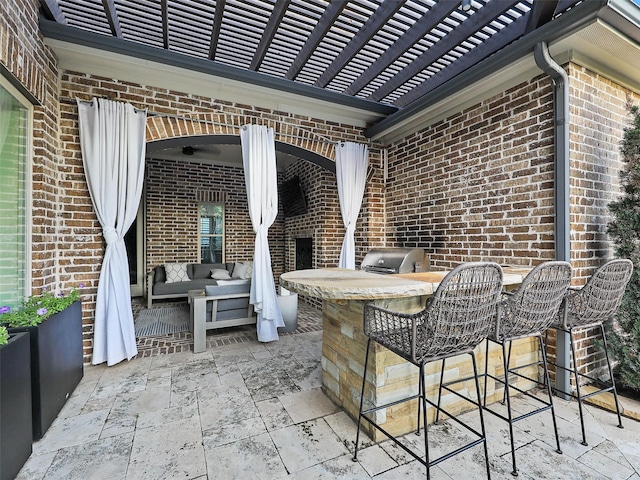 3421 Greenbrier Dr, Frisco, TX 75033 - view of patio / terrace with outdoor lounge area and a pergola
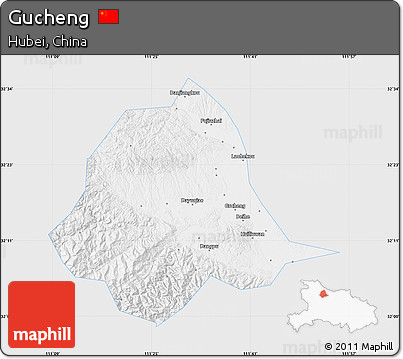Silver Style Map of Gucheng, single color outside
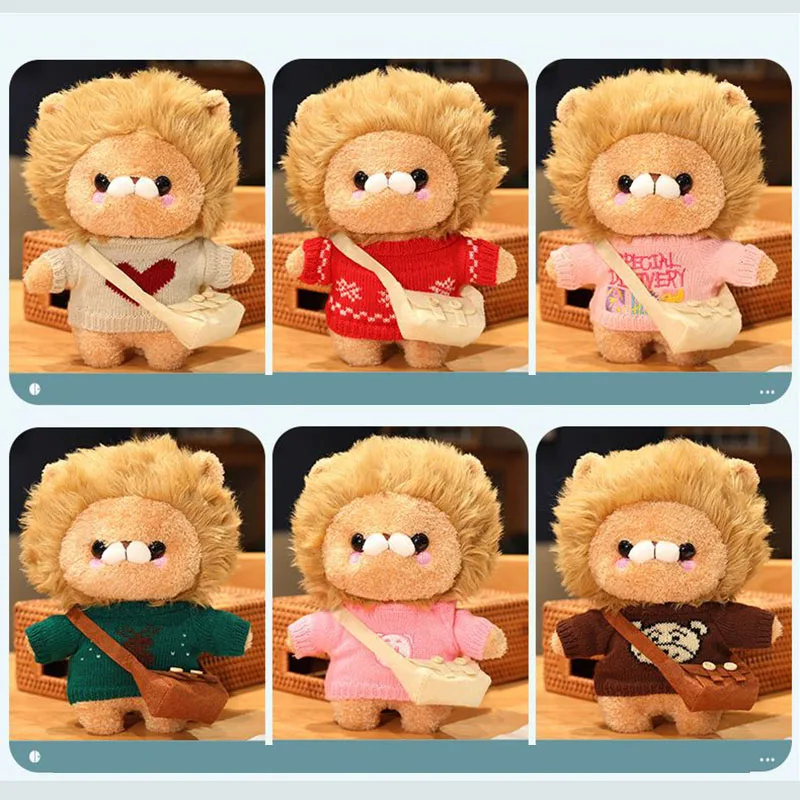 

Cute Lion Plush Toy with Removable Sweater and Bag Soft Stuffed Animal Dress-Up Lion Doll Perfect Kawaii Birthday Gift for Kids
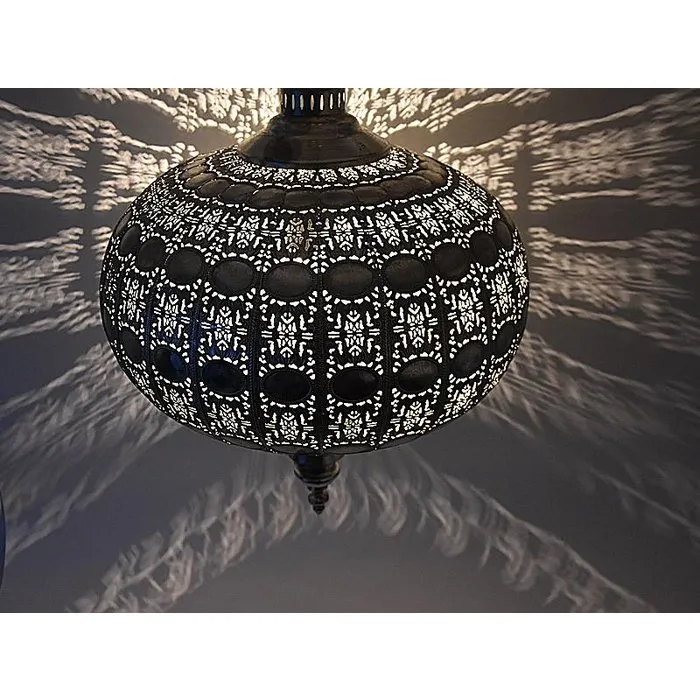 Zilveren hanglamp diamant met oosterse sfeer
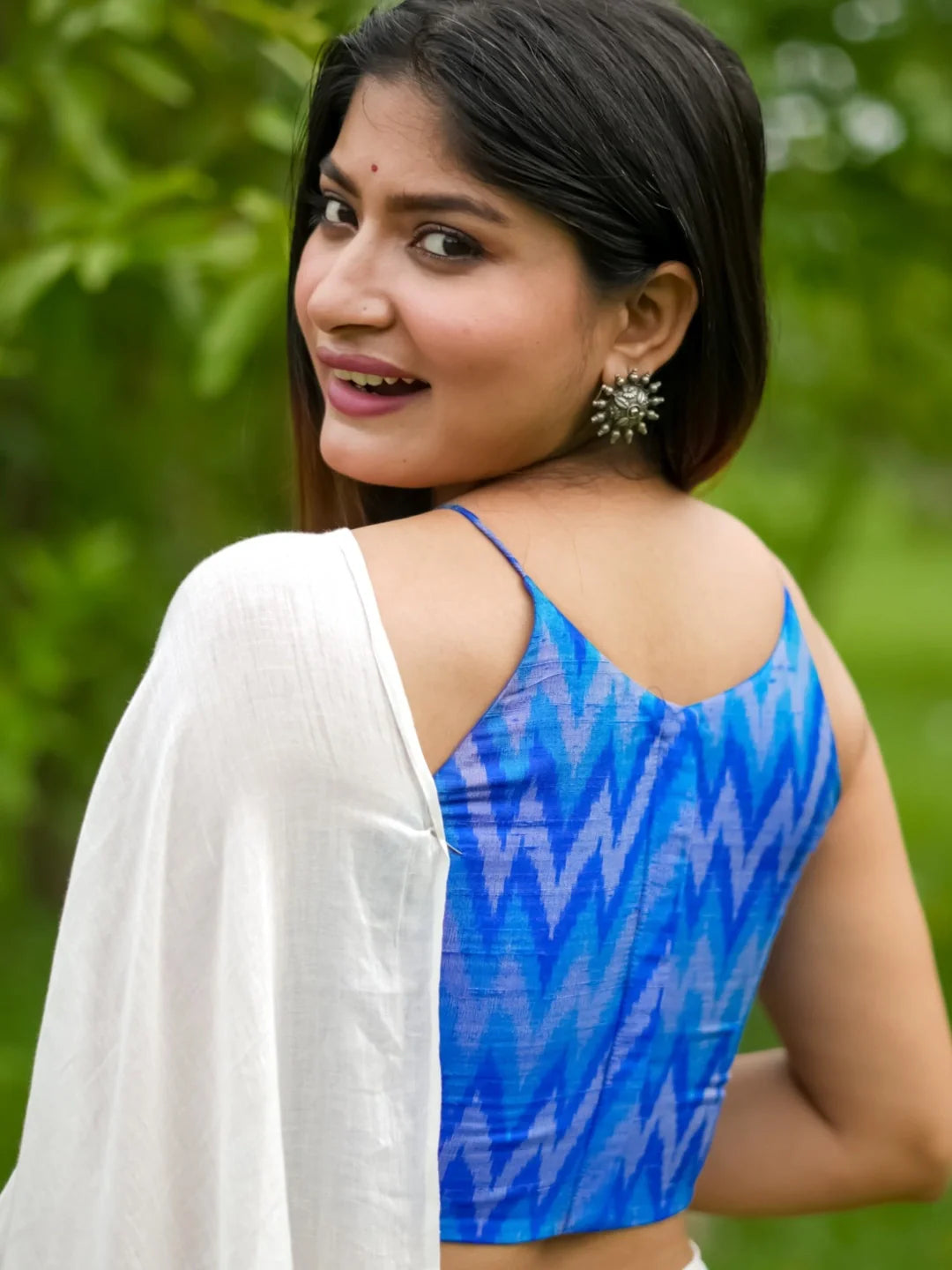 Blue Ikkat Print Round Neck Sleeveless Readymade Blouse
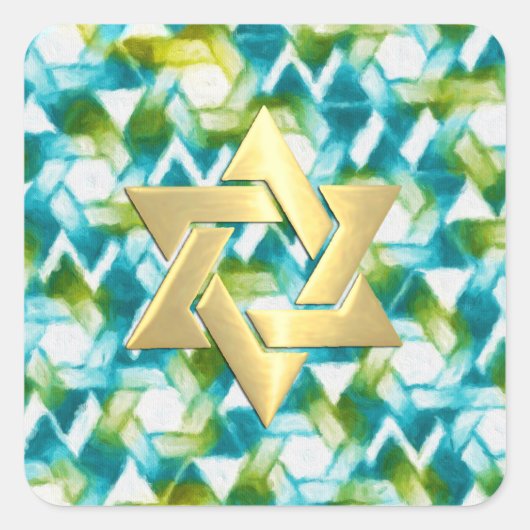 Bat Mitzvah Aqua Türkis Green Star Damask Quadratischer Aufkleber (Vorderseite)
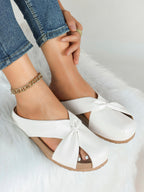 Women's White Faux Leather Knot Flat Mules Open Toe Slip-On Slide Sandals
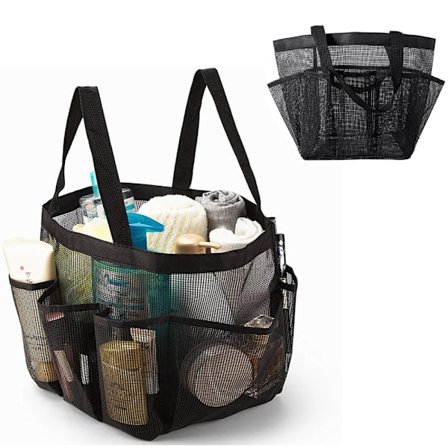 Mesh Shower Caddy Tote Bag 8 Fickor Hängande toalettväska - spot försäljning
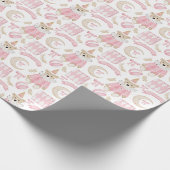 冬の休日ピンクは子供のパターンを支える ラッピングペーパー (角)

**Required work:** Return the records verbatim, minus pictures.

**Result for this exercise:**
 3421 Greenbrier Dr, Frisco, TX 75033 - view of patio / terrace with outdoor lounge area and a pergola
Silver Style Map of Gucheng, single color outside

Cute Lion Plush Toy with Removable Sweater and Bag Soft Stuffed Animal Dress-Up Lion Doll Perfect Kawaii Birthday Gift for Kids
 Zilveren hanglamp diamant met oosterse sfeer
 Blue Ikkat Print Round Neck Sleeveless Readymade Blouse
 Bat Mitzvah Aqua Türkis Green Star Damask Quadratischer Aufkleber (Vorderseite)
 Women's White Faux Leather Knot Flat Mules Open Toe Slip-On Slide Sandals
 Mesh Shower Caddy Tote Bag 8 Fickor Hängande toalettväska - spot försäljning
 冬の休日ピンクは子供のパターンを支える ラッピングペーパー (角)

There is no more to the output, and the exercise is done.